HB X konon telah mengeluarkan Sabda Raja yg isinya cukup mengagetkan bayak pihak: bukan saja para sentono dalem dan abdi dalem, tetapi juga tokoh masyarakat sipil dan pejabat negara. Bukan saja di Yogya tetapi juga di Jakarta. Dan media pun kini kian meramaikan setelah sebagian dari kalangan Istana dan tokoh-2 itu bersikap negatif thd Sabda Raja tsb. HB X tampaknya sudah siap dg reaksi negatif tsb dan mengatakan dirinya akan menghadapi semua dan pada saatnya. Dua hal yg mencuat dalam kasus ini: 1) Status puteri pertama beliau sebagai Puteri Mahkota; dan 2) Melepas gelar "Khalifatullah" dan mengganti ama Buwono menjadi Bawono. Yg pertama bisa berimplikasi perubahan revolusioner dalam tataran kultural dan tradisi keraton yang patriarkal, serta suksesi posisi Gubernur DIY menurut perundangan yg berlaku. Yang kedua berimplikasi legitimasi moral dan budaya dari masyarakat Yogya thd Keraton dan lembaga kesultanan.

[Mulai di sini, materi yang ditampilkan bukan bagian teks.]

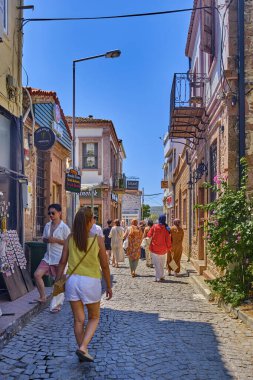 Ayvalik, Türkiye, 14 Temmuz 2025, Cunda Adası, renkli evleri, kafeleri ve dükkanları olan sokaklar, turistler sokaklarda yürüyor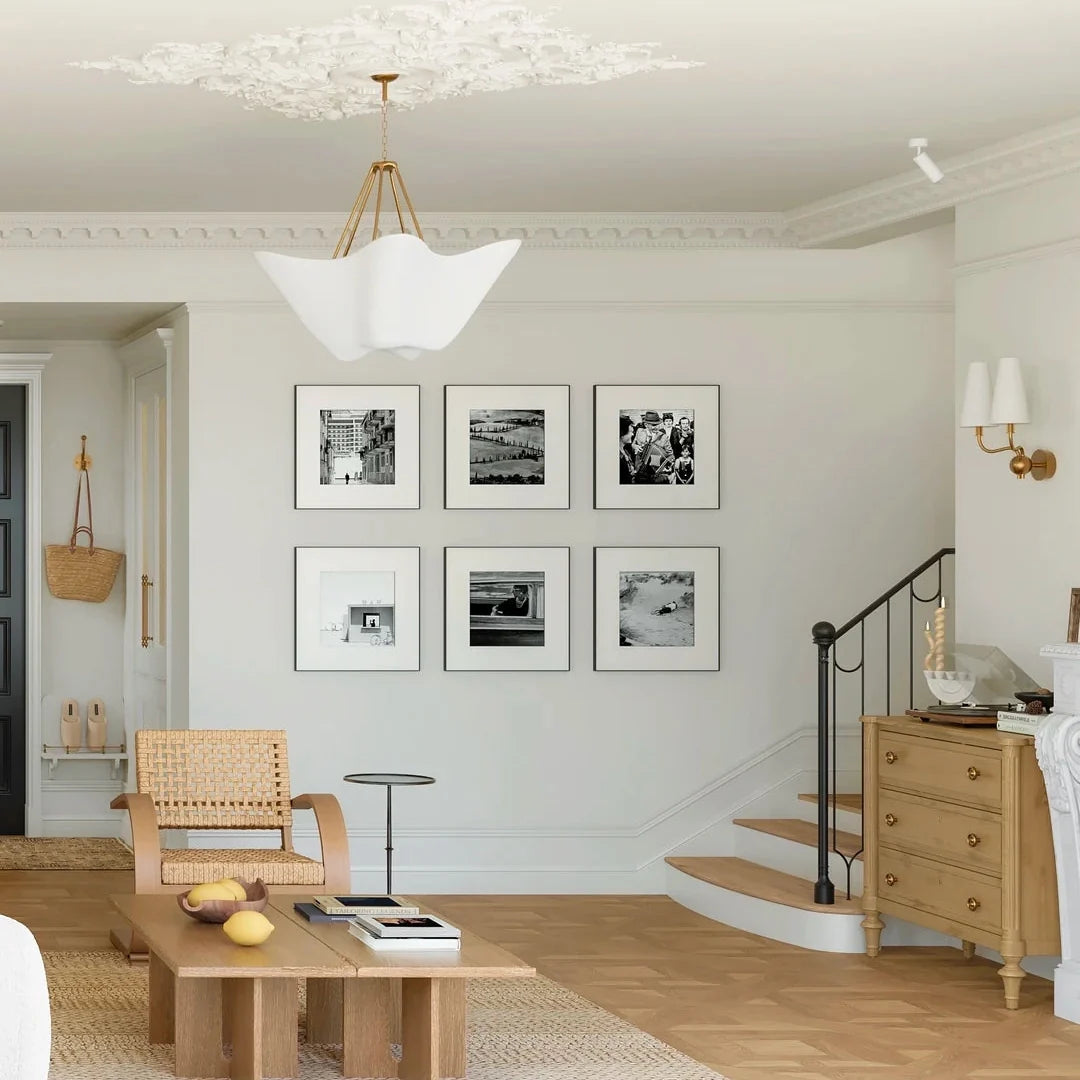 Chalk white plaster chandelier with scalloped flower-like shade centered above seating
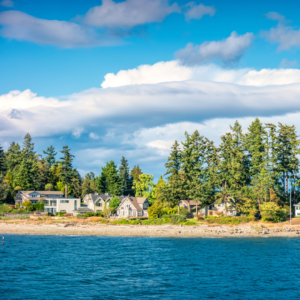 A waterfront view featuring a row of houses nestled among trees, with a backdrop of blue sky and scattered clouds.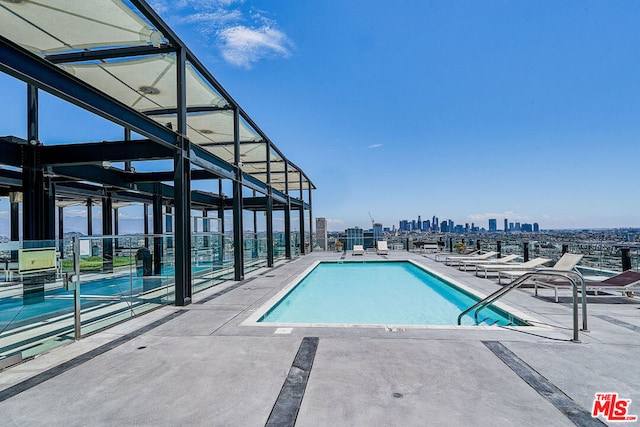 view of swimming pool featuring a patio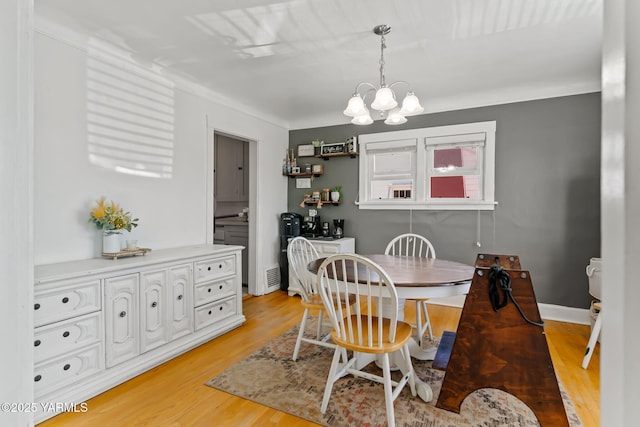 319 S 14th Ave, Yakima, WA 98902 - dining room featuring a chandelier and light wood-style floors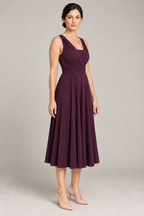 Three-quarter design preview of a plum infinity dress showing the crossed neckline, wrapped waist and matching bandeau coverage.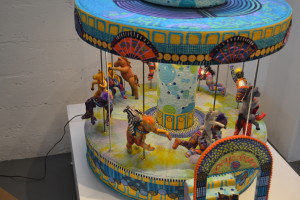 "When Ponies Dream," by Susan Else is a motorized carousel that spins around, lights up and plays music when turned on. (Photo by Nick Sestanovich)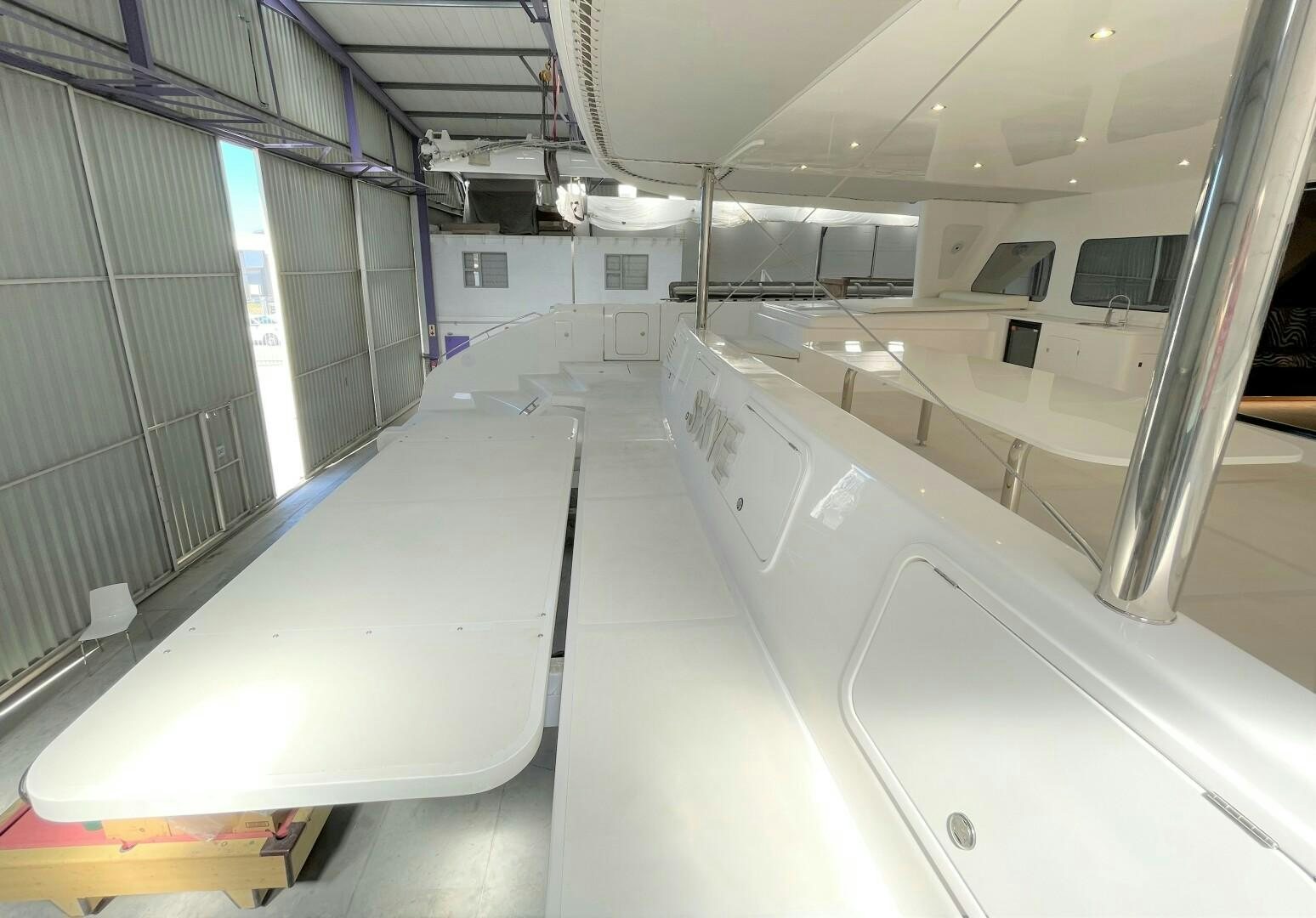 a room with a row of white pipes and a wall with a window aboard SKYE Yacht for Sale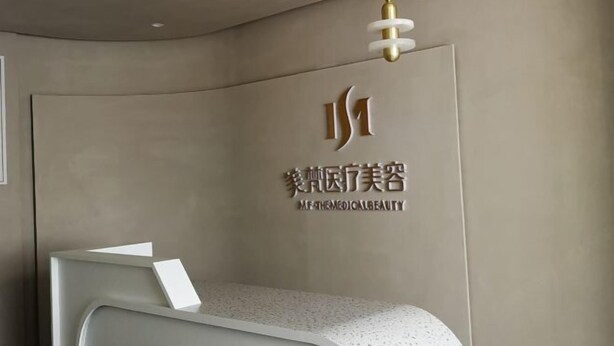 A reception desk with a modern design, a logo on the wall, and a ceiling light fixture. - Pu'er Kunman Hotel (Pu'er)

Pro kontra semacam ini pada akhirnya tentu akan menyeret peran Pemerintah pusat, kendati Wapres JK mengatakan Pemerintah menghormati keputusan Keraton. Namun pada saat yg sama Kemendagri sudah menyatakan hanya pria yang bisa jadi Gubernur DIY menurut UU. Selain itu jika pandanga tokoh-2 Islam di DIY cenderung negatif thd Sabda Raja tsbg, dilihat dari kacamata tradisi dan legitimasi moral, maka tentu akan menyeret kalangan masyarakat sipil yg luas.(http://nusantara.rmol.co/read/2015/05/07/201724/Sri-Sultan-Tak-Diakui-Sebagai-Ngarso-Dalem-dan-Gubernur-Yogya-).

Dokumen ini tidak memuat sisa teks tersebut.